PVR = [(mPAP - PAWP) / CO] × 80

Where:

• PVR is Pulmonary Vascular Resistance, expressed in dyn·s·cm⁻⁵ (dynes·second·centimeter to the power of minus five).
• mPAP is the Mean Pulmonary Artery Pressure, measured in mmHg. This is the average pressure in the pulmonary arteries.
• PAWP is the Pulmonary Artery Wedge Pressure (also known as PCWP - Pulmonary Capillary Wedge Pressure, or LVEDP - Left Ventricular End-Diastolic Pressure equivalent), measured in mmHg. This estimates the left atrial pressure and indirectly, left ventricular end-diastolic pressure.
• CO is the Cardiac Output, measured in Liters per minute (L/min). This is the volume of blood pumped by the heart per minute.
• 80 is a conversion factor used to change the units from mmHg·min/L to dyn·s·cm⁻⁵, which is the standard unit for PVR.
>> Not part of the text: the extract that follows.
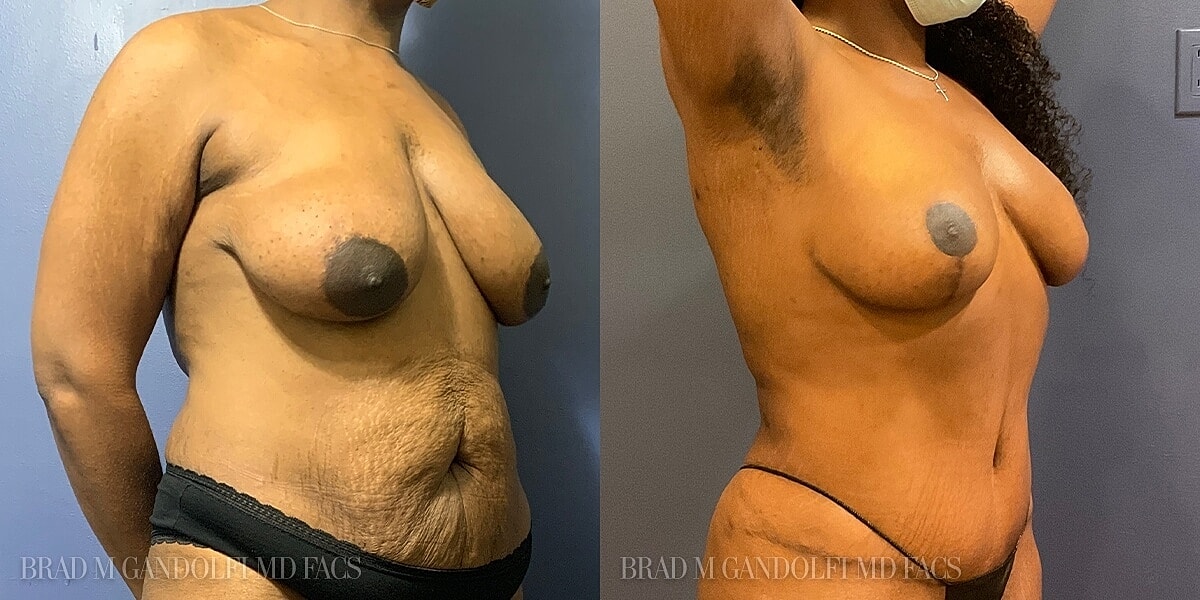Breast Lift Before & After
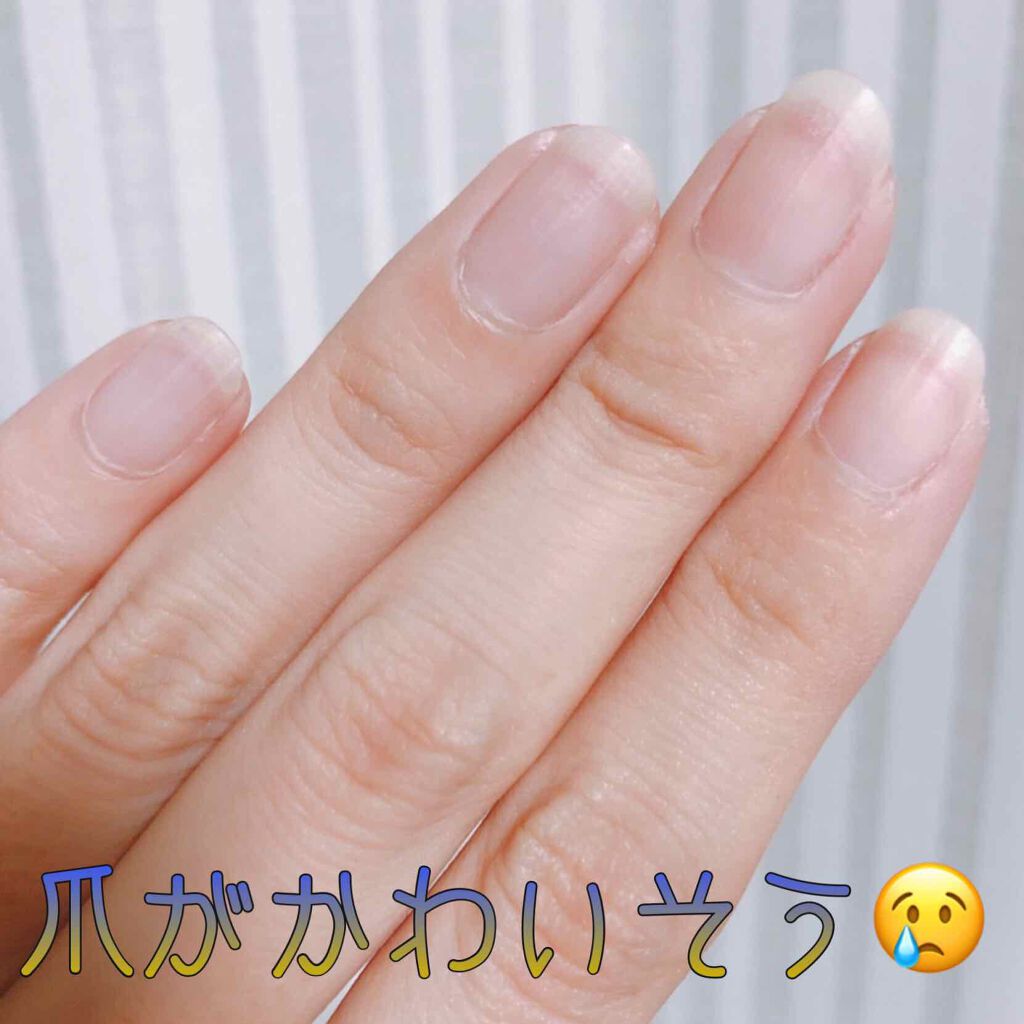 ウォータリーネイルジェル クイックグロス		/D-UP/オールインワンネイルを使ったクチコミ（2枚目）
Normal Ranges and Interpretation

Typically, a normal PVR ranges from < 2.0 Wood units or < 200 dyn·s·cm⁻⁵. Some sources consider up to 2.5 Wood units or 250 dyn·s·cm⁻⁵ as normal. Elevated PVR indicates increased resistance in the pulmonary circulation, which can be due to various causes, including:

• Pulmonary arterial hypertension (PAH)
• Chronic thromboembolic pulmonary hypertension (CTEPH)
• Left heart disease with post-capillary pulmonary hypertension
• Hypoxia and acidosis
• Certain lung diseases (e.g., COPD, interstitial lung disease)

Clinical Significance

The measurement and calculation of PVR are vital in several clinical scenarios:

Diagnosis and Classification of Pulmonary Hypertension

PVR is a key criterion in defining and classifying pulmonary hypertension. A PVR of > 3 Wood units (or > 240 dyn·s·cm⁻⁵) is often used, along with an elevated mPAP, to diagnose pre-capillary pulmonary hypertension.
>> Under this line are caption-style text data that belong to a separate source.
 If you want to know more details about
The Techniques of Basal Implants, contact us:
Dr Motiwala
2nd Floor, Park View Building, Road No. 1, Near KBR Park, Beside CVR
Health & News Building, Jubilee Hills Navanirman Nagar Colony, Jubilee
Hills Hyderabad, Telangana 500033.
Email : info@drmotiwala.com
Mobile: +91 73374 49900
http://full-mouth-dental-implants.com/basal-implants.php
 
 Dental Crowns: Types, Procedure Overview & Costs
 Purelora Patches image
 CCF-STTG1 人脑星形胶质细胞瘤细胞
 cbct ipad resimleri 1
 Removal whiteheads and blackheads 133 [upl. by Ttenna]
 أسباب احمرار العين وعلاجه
Prognosis and Treatment Guidance

Elevated PVR is associated with a poorer prognosis in patients with pulmonary hypertension and heart failure. Monitoring PVR can help assess the effectiveness of therapies aimed at reducing pulmonary vascular resistance, such as pulmonary vasodilators.

Pre-transplant Evaluation

In patients being considered for heart or lung transplantation, PVR is a critical factor. A high PVR can contraindicate heart transplantation due to the risk of acute right ventricular failure in the new heart, or may necessitate combined heart-lung transplantation.

Factors Influencing PVR

Many factors can affect PVR, including:

• Hypoxia: Low oxygen levels cause pulmonary vasoconstriction, increasing PVR.
• Acidosis: A low pH can also lead to pulmonary vasoconstriction.
• Pharmacological agents: Vasodilators (e.g., nitric oxide, prostacyclins) decrease PVR, while vasoconstrictors increase it.
• Lung volume: Both very low and very high lung volumes can increase PVR.
• Neurohumoral factors: Endothelin-1, thromboxane, and other substances can modulate PVR.

Conclusion

Pulmonary Vascular Resistance is a cornerstone in the assessment of pulmonary hemodynamics. Its accurate calculation and judicious interpretation provide invaluable insights into the state of the pulmonary circulation and the workload of the right ventricle. This information is critical for guiding diagnosis, treatment strategies, and prognostication in complex cardiopulmonary diseases.